Local communities resist ICE by reaching inside jails.
And building networks of support.
For more than 200 days, Fernando Herrera-Cruz has been sitting in a county jail in central Missouri on immigration charges. The conditions in the jail are “very bad,” Herrera-Cruz told Truthout, with the help of a translator. “There are some guards who are very racist towards immigrants.”
Herrera-Cruz, who is 25 years old, left Mexico to come to the United States to work with his brother for a roofing business in St. Louis. He was travelling in rural Missouri for a job when the trailer on his truck got a flat tire. Herrera-Cruz says a passerby stopped, began harassing him, and called the police. When local sheriff’s deputies arrived, instead of helping with the flat tire, they arrested Herrera-Cruz.

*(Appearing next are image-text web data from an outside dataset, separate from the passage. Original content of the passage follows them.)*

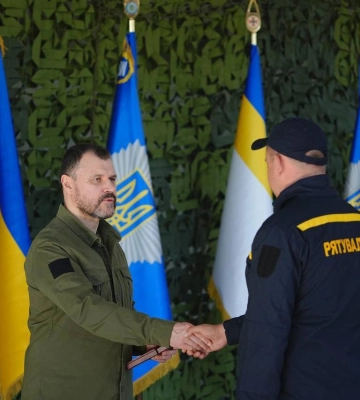 Миколаївському рятувальнику вручили державну нагороду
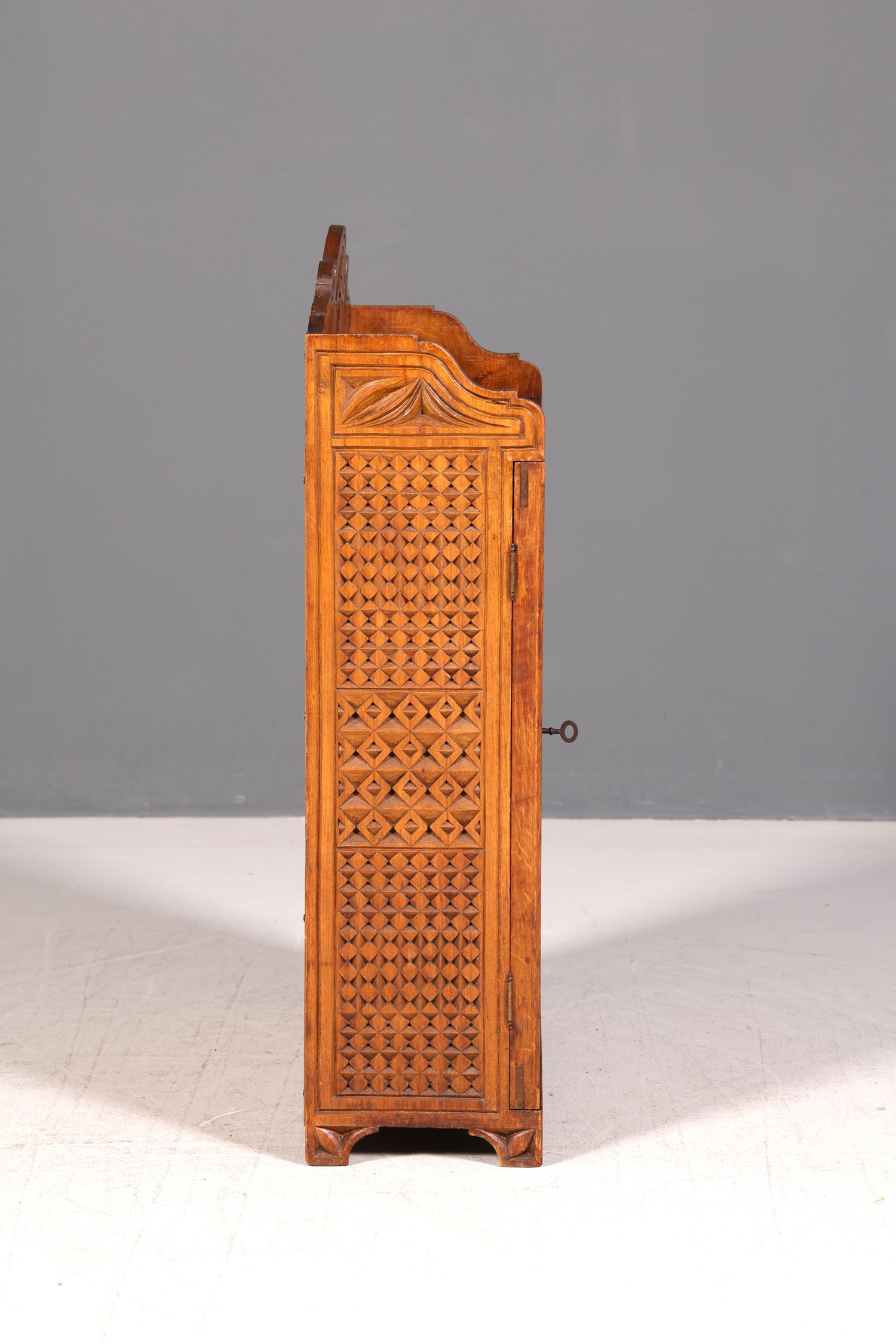 Traumhafter Antiker Schrank um 1900 Schnitzereien Massiv Holz Schränkchen Bauernschrank Vertiko Beistellschrank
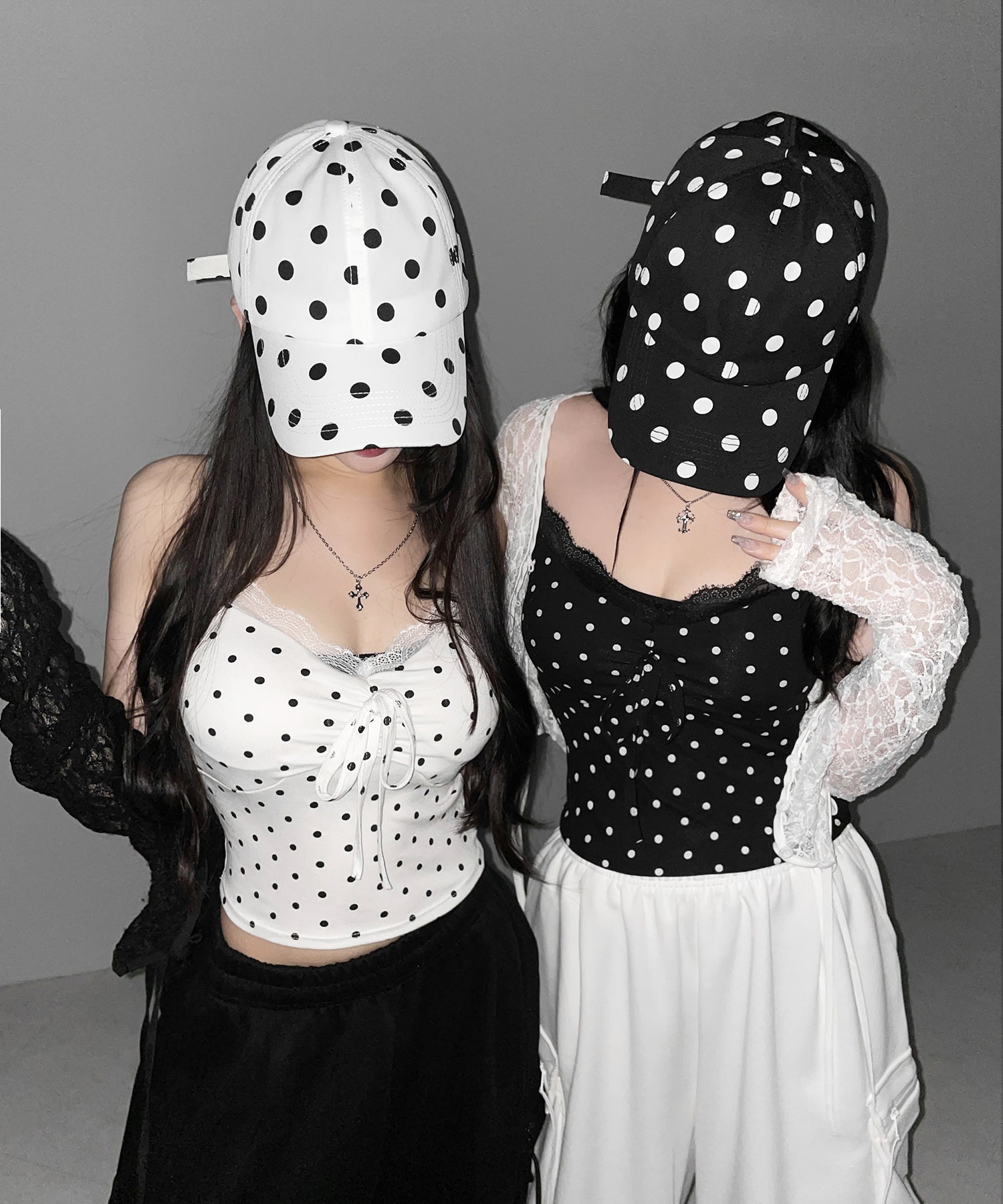 ドットレースフロントリボンキャミソール / Dot lace front ribbon camisole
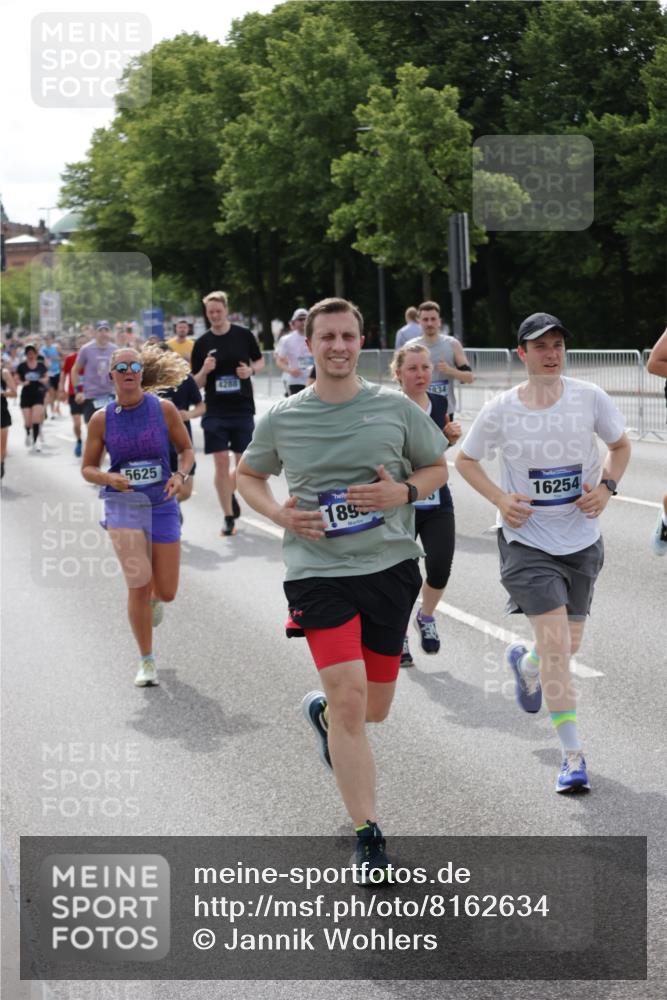 29.06.2025 - hella hamburg halbmarathon Jannik Wohlers http://msf.ph/oto/8162634 29.06.2025 10:20:14 Lombardsbrücke 1011, 1471, 2053, 2101, 2325, 2834, 3733, 3781, 4154, 4166, 4288, 4422, 4754, 4869, 5181, 5625, 6608, 6951, 8588, 8940, 9722, 10050, 10350, 10613, 10647, 11100, 11603, 11835, 11995, 12977, 14138, 14246, 14342, 14344, 14500, 14502, 14503, 15244, 15442, 15513, 16135, 16254, 16638, 17095, 17581, 17987, 18007, 18423, 18620, 18908, 19014, 19093, 19131, 19132 meine-sportfotos.de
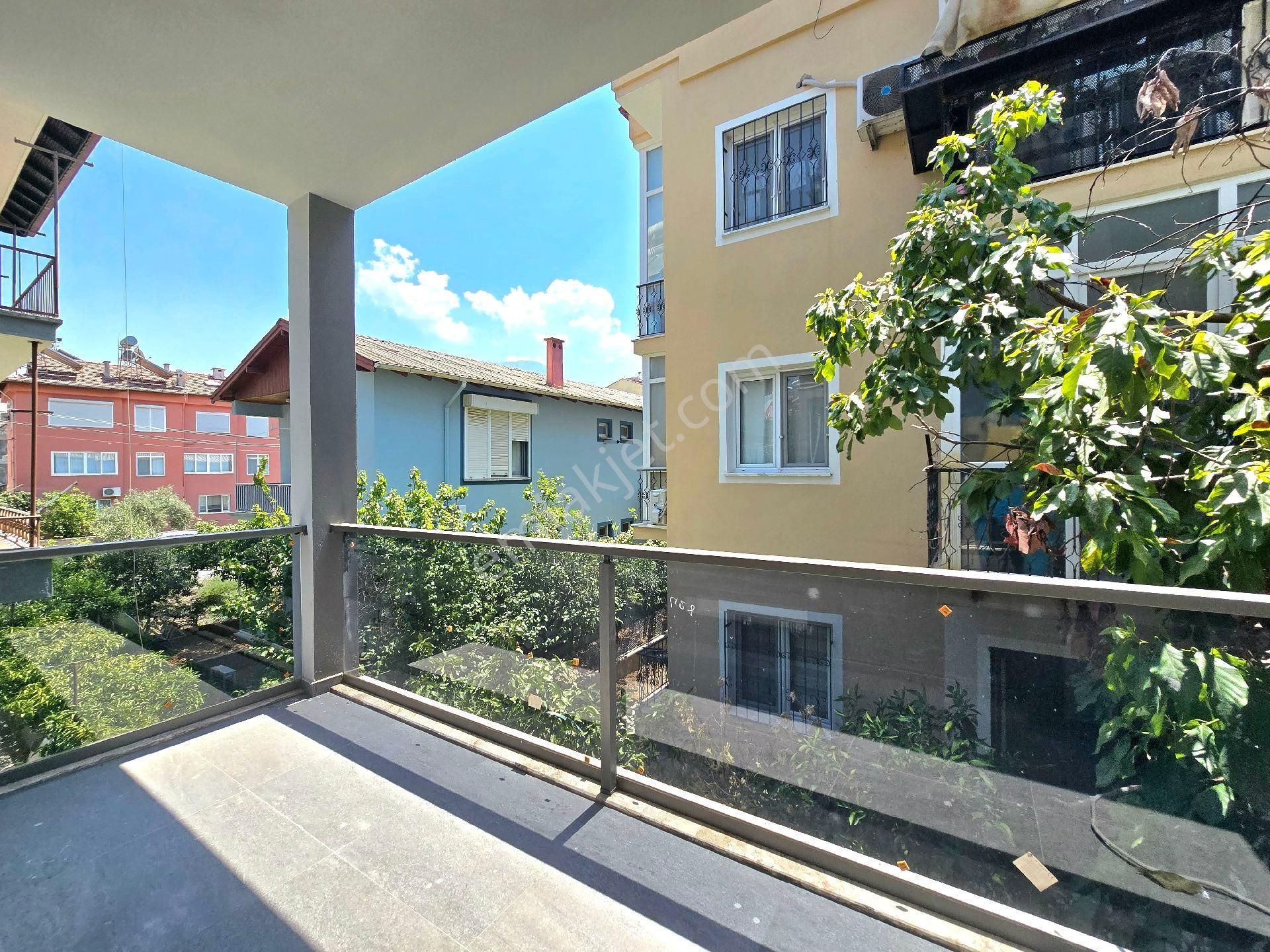 Fethiye Tuzla Merkez'de Denize Yakın 2+1 65m2 Ara Kat Daire - Görsel 5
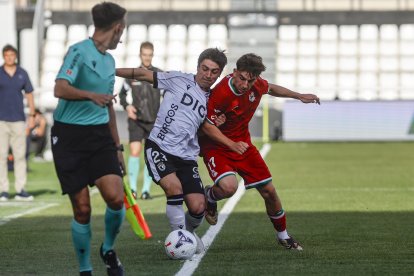Imagen del partido entre el Burgos CF y la Real Sociedad B.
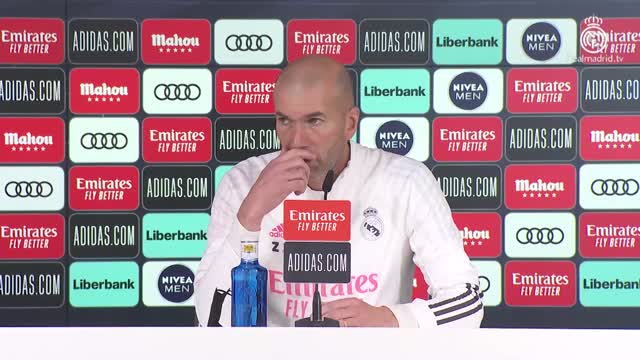 Futuro Alaba, dribbling di Zidane in conferenza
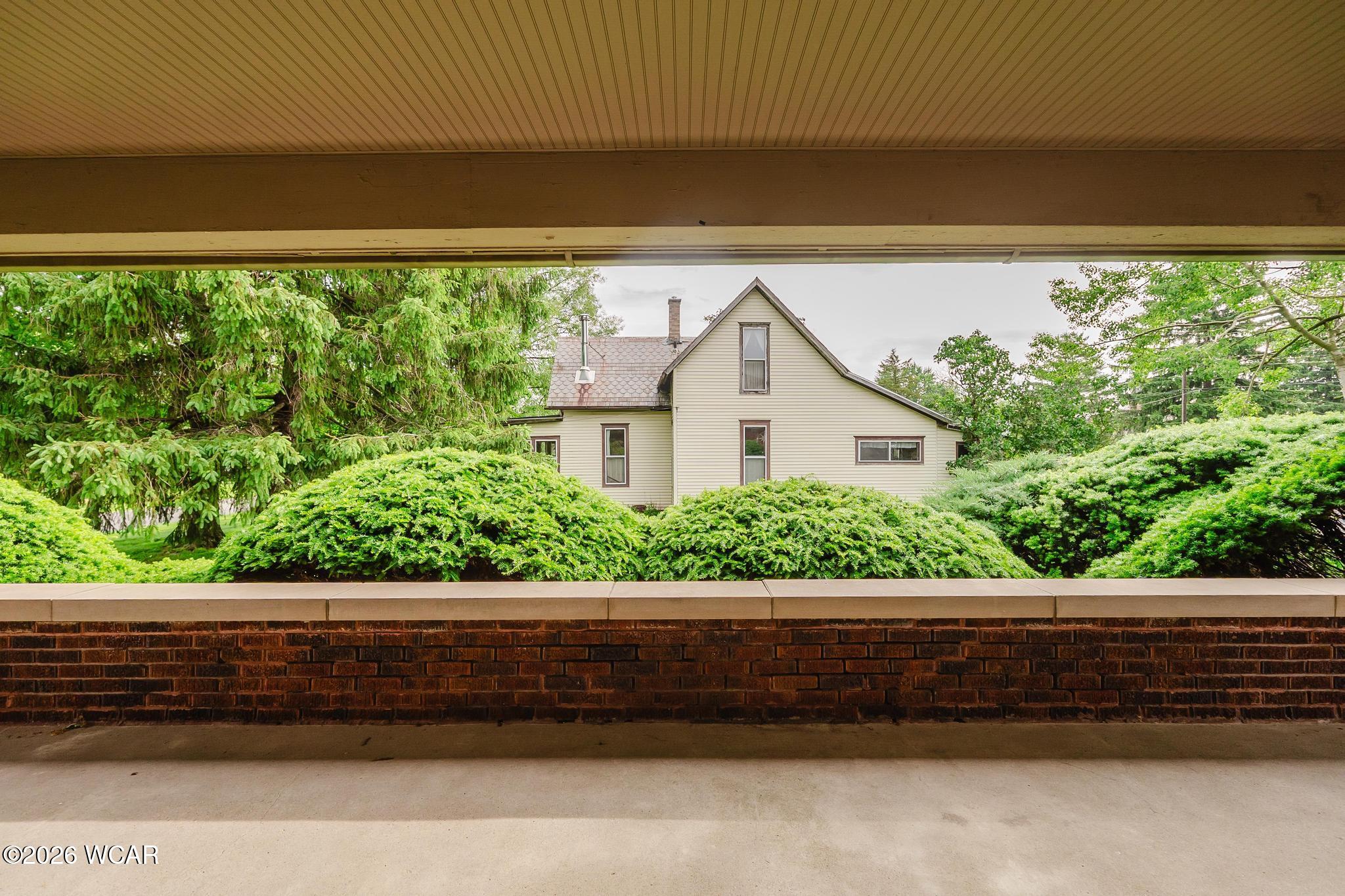 251 Lawn Avenue, Bluffton, Ohio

According to a Department of Justice press release, Herrera-Cruz was picked up on March 18, 2025, and charged with illegal reentry. He had previously been deported in March 2022 and made his way back to the country. He was arrested in Camden County, Missouri, best known for the Lake of the Ozarks, a scenic stretch of waterways surrounded by mountains. The press release says that Herrera-Cruz was arrested for not having a driver’s license following a “single vehicle accident.” (In Missouri and 30 other states, undocumented residents can’t get a driver’s license.)
Central Missouri is a politically conservative territory in a deep red state. Missouri, which has a troubled history as a slave state before the Civil War, is the third state in the nation for executions, behind Texas and Oklahoma. In the 2024 election, Donald Trump won Missouri with 58 percent of the vote. The state governor and local officials have eagerly collaborated with federal immigration agents to carry out the new administration’s mass deportation plans.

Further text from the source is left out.